Caution never went out of style. Software-Defined Storage is becoming mainstream, but does it bring benefits to the workloads you support? Identify the fundamental considerations that apply when choosing a storage system, and see what is suitable for your applications and data.

T oday’s software defined world brings opportunities (and challenges with them) for you to manage your data faster, cheaper and easier. In our ever changing world, while it is important to be aware of these new technologies, we must not forget the fundamentals of data.

Technology changes, Fundamentals don’t.

When we talk to IT managers, many of them say that one of their biggest pain points is not anything related to their data, but the question of which technology to bet on. Reliable, established but old traditional storage? Or flexible, faster, better… but new software defined; Or maybe both. Every vendor they talk to gives the customer their point of view (PoV), facts that are suited to selling, and not necessarily solving a problem.

It’s not the data that matters, but the applications you run and how they use data..

Sales Pitches change, Fundamentals don’t.

Rather than talking about Lenovo’s offerings, this article will discuss a framework for classifying data based on what we’ve learnt while dealing with multiple partners, in both the traditional and software defined world. We hope to assist you, the reader, in giving a perspective of how the world of storage stands today (and maybe for the next 6 months) and help you navigate to a decision that best suits you, instead of any particular vendor.

The Data Framework

Most companies run a myriad of applications, and each use data in different ways. It’s not the data that matters, but how you use it that does.

At the outset, make a list of all the different applications that you run in your company. Yes, not data, but applications.

Then segregate the applications into 2 categories – one that scales with the compute (like databases, web or application servers), and the other that scales independently (like CCTV images, or backups).

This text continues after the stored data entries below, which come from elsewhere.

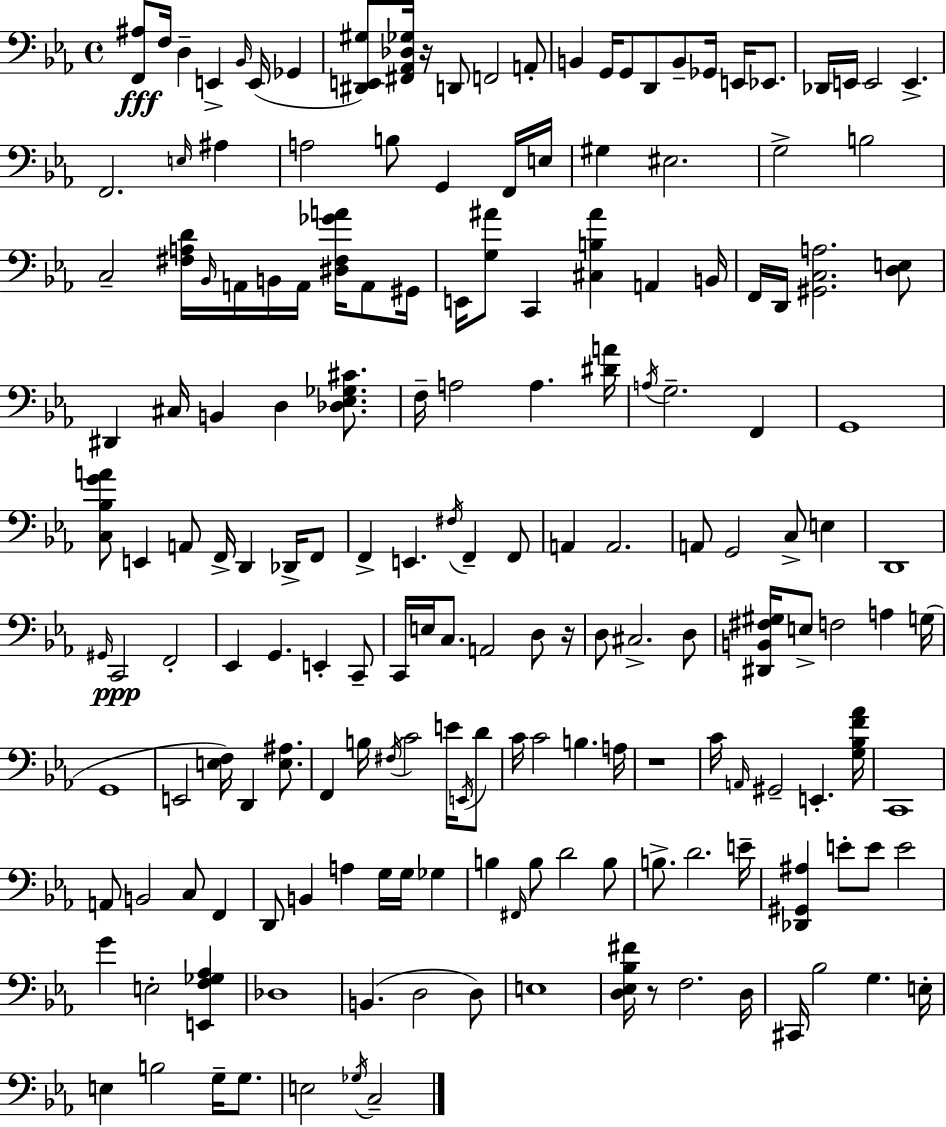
[F2,A#3]/e F3/s D3/q E2/q Bb2/s E2/s Gb2/q [D#2,E2,G#3]/e [F#2,Ab2,Db3,Gb3]/s R/s D2/e F2/h A2/e B2/q G2/s G2/e D2/e B2/e Gb2/s E2/s Eb2/e. Db2/s E2/s E2/h E2/q. F2/h. E3/s A#3/q A3/h B3/e G2/q F2/s E3/s G#3/q EIS3/h. G3/h B3/h C3/h [F#3,A3,D4]/s Bb2/s A2/s B2/s A2/s [D#3,F#3,Gb4,A4]/s A2/e G#2/s E2/s [G3,A#4]/e C2/q [C#3,B3,A#4]/q A2/q B2/s F2/s D2/s [G#2,C3,A3]/h. [D3,E3]/e D#2/q C#3/s B2/q D3/q [Db3,Eb3,Gb3,C#4]/e. F3/s A3/h A3/q. [D#4,A4]/s A3/s G3/h. F2/q G2/w [C3,Bb3,G4,A4]/e E2/q A2/e F2/s D2/q Db2/s F2/e F2/q E2/q. F#3/s F2/q F2/e A2/q A2/h. A2/e G2/h C3/e E3/q D2/w G#2/s C2/h F2/h Eb2/q G2/q. E2/q C2/e C2/s E3/s C3/e. A2/h D3/e R/s D3/e C#3/h. D3/e [D#2,B2,F#3,G#3]/s E3/e F3/h A3/q G3/s G2/w E2/h [E3,F3]/s D2/q [E3,A#3]/e. F2/q B3/s F#3/s C4/h E4/s E2/s D4/e C4/s C4/h B3/q. A3/s R/w C4/s A2/s G#2/h E2/q. [G3,Bb3,F4,Ab4]/s C2/w A2/e B2/h C3/e F2/q D2/e B2/q A3/q G3/s G3/s Gb3/q B3/q F#2/s B3/e D4/h B3/e B3/e. D4/h. E4/s [Db2,G#2,A#3]/q E4/e E4/e E4/h G4/q E3/h [E2,F3,Gb3,Ab3]/q Db3/w B2/q. D3/h D3/e E3/w [D3,Eb3,Bb3,F#4]/s R/e F3/h. D3/s C#2/s Bb3/h G3/q. E3/s E3/q B3/h G3/s G3/e. E3/h Gb3/s C3/h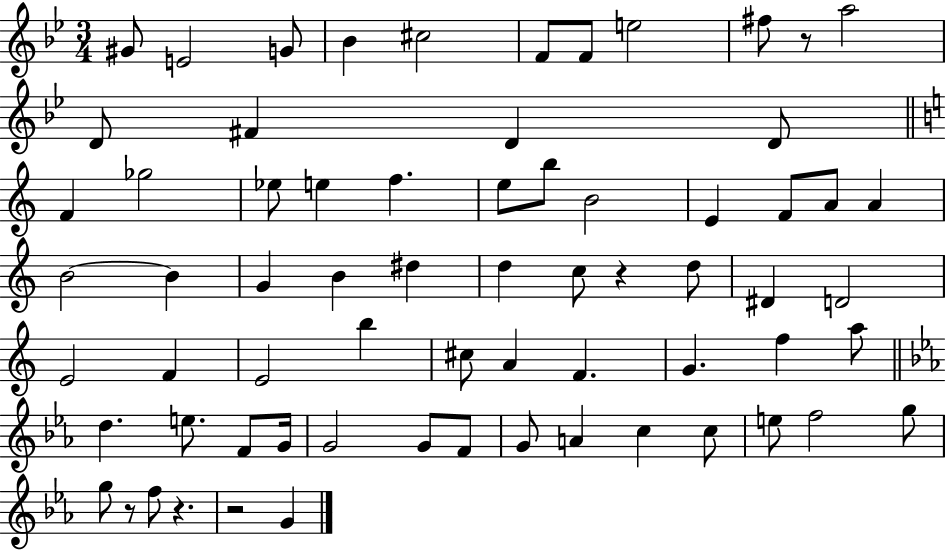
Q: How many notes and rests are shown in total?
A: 68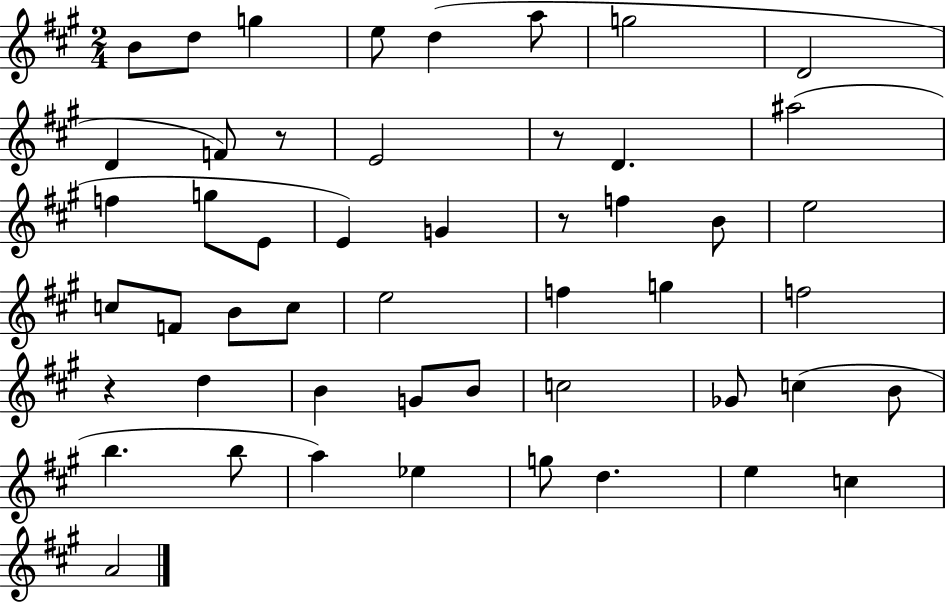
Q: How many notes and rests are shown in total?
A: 50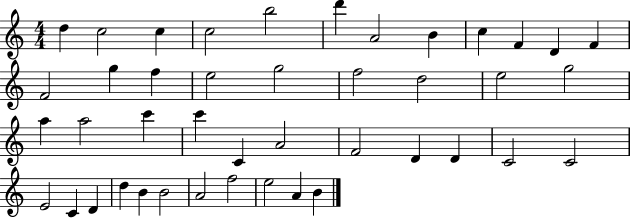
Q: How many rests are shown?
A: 0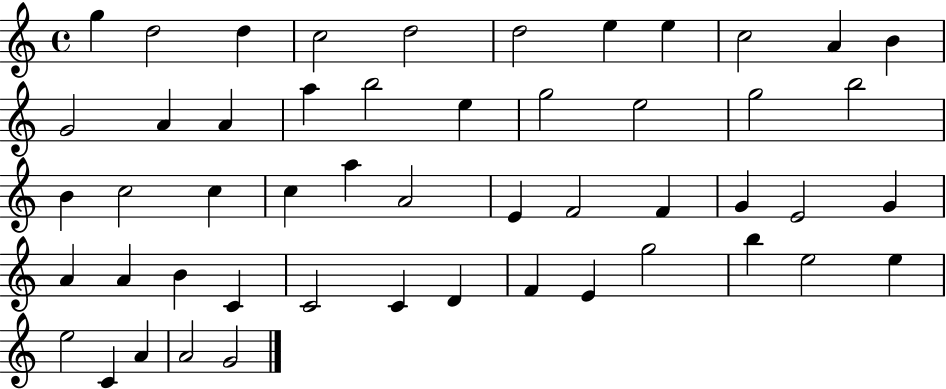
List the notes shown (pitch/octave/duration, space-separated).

G5/q D5/h D5/q C5/h D5/h D5/h E5/q E5/q C5/h A4/q B4/q G4/h A4/q A4/q A5/q B5/h E5/q G5/h E5/h G5/h B5/h B4/q C5/h C5/q C5/q A5/q A4/h E4/q F4/h F4/q G4/q E4/h G4/q A4/q A4/q B4/q C4/q C4/h C4/q D4/q F4/q E4/q G5/h B5/q E5/h E5/q E5/h C4/q A4/q A4/h G4/h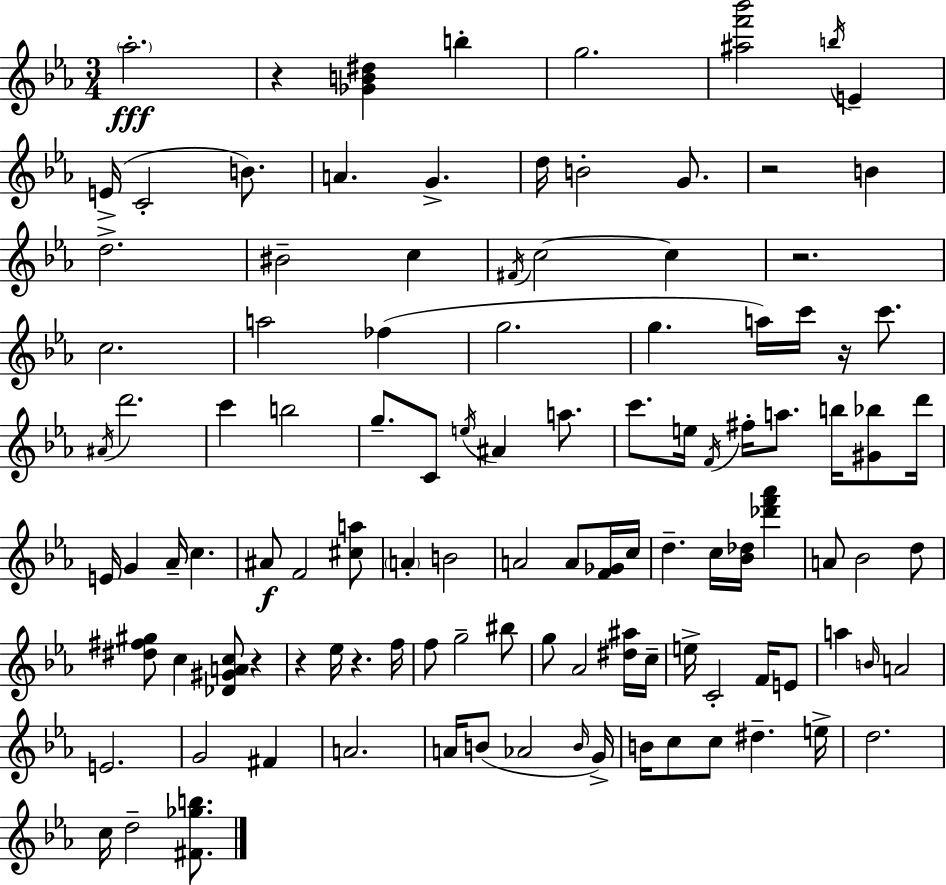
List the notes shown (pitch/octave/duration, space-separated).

Ab5/h. R/q [Gb4,B4,D#5]/q B5/q G5/h. [A#5,F6,Bb6]/h B5/s E4/q E4/s C4/h B4/e. A4/q. G4/q. D5/s B4/h G4/e. R/h B4/q D5/h. BIS4/h C5/q F#4/s C5/h C5/q R/h. C5/h. A5/h FES5/q G5/h. G5/q. A5/s C6/s R/s C6/e. A#4/s D6/h. C6/q B5/h G5/e. C4/e E5/s A#4/q A5/e. C6/e. E5/s F4/s F#5/s A5/e. B5/s [G#4,Bb5]/e D6/s E4/s G4/q Ab4/s C5/q. A#4/e F4/h [C#5,A5]/e A4/q B4/h A4/h A4/e [F4,Gb4]/s C5/s D5/q. C5/s [Bb4,Db5]/s [Db6,F6,Ab6]/q A4/e Bb4/h D5/e [D#5,F#5,G#5]/e C5/q [Db4,G#4,A4,C5]/e R/q R/q Eb5/s R/q. F5/s F5/e G5/h BIS5/e G5/e Ab4/h [D#5,A#5]/s C5/s E5/s C4/h F4/s E4/e A5/q B4/s A4/h E4/h. G4/h F#4/q A4/h. A4/s B4/e Ab4/h B4/s G4/s B4/s C5/e C5/e D#5/q. E5/s D5/h. C5/s D5/h [F#4,Gb5,B5]/e.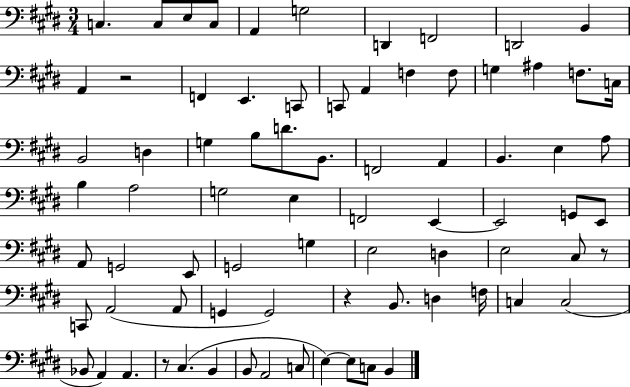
{
  \clef bass
  \numericTimeSignature
  \time 3/4
  \key e \major
  c4. c8 e8 c8 | a,4 g2 | d,4 f,2 | d,2 b,4 | \break a,4 r2 | f,4 e,4. c,8 | c,8 a,4 f4 f8 | g4 ais4 f8. c16 | \break b,2 d4 | g4 b8 d'8. b,8. | f,2 a,4 | b,4. e4 a8 | \break b4 a2 | g2 e4 | f,2 e,4~~ | e,2 g,8 e,8 | \break a,8 g,2 e,8 | g,2 g4 | e2 d4 | e2 cis8 r8 | \break c,8 a,2( a,8 | g,4 g,2) | r4 b,8. d4 f16 | c4 c2( | \break bes,8 a,4) a,4. | r8 cis4.( b,4 | b,8 a,2 c8 | e4~~) e8 c8 b,4 | \break \bar "|."
}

The first step is to check if the workload is worth virtualizing. For example, a workload where the software licensing is core based may not be worth it, as a physical server with high clock speed will give better TCO than virtualizing it (eg. Oracle DB). It’s not worth virtualizing a server that has a high load requirement (high CPU, high RAM). Quantifying the level would vary by your usage – as a thumb rule, any server needing over 20 cores, or over 128GB is probably better kept physical. This is where 3-tier architecture would be a better fit (footnote: Few HCI solutions are able to offer bare metal connect on iSCSI – which would also be a great solution, and recommended).

The second step is to then identify all candidates for virtualization (if not already virtualized). Once you have the list of workloads ready, use a procedure called application grouping to be able to correctly organize the management of these workloads.

Today, Hyper-convergence Infrastructure (HCI) has proved itself able to handle mission critical workloads as easily (or better) than 3-tier architectures. While VDI and Exchange are easy business cases to make for HCI, there is technically no virtualized workload today that runs better on 3-tier versus HCI. Market-research company IDC considers All Flash Arrays (AFA) and hybrid-storage as separate categories of products and systems. However, the reality is AFA that uses Software-Defined Storage (SDS) is a subset of HCI architectures.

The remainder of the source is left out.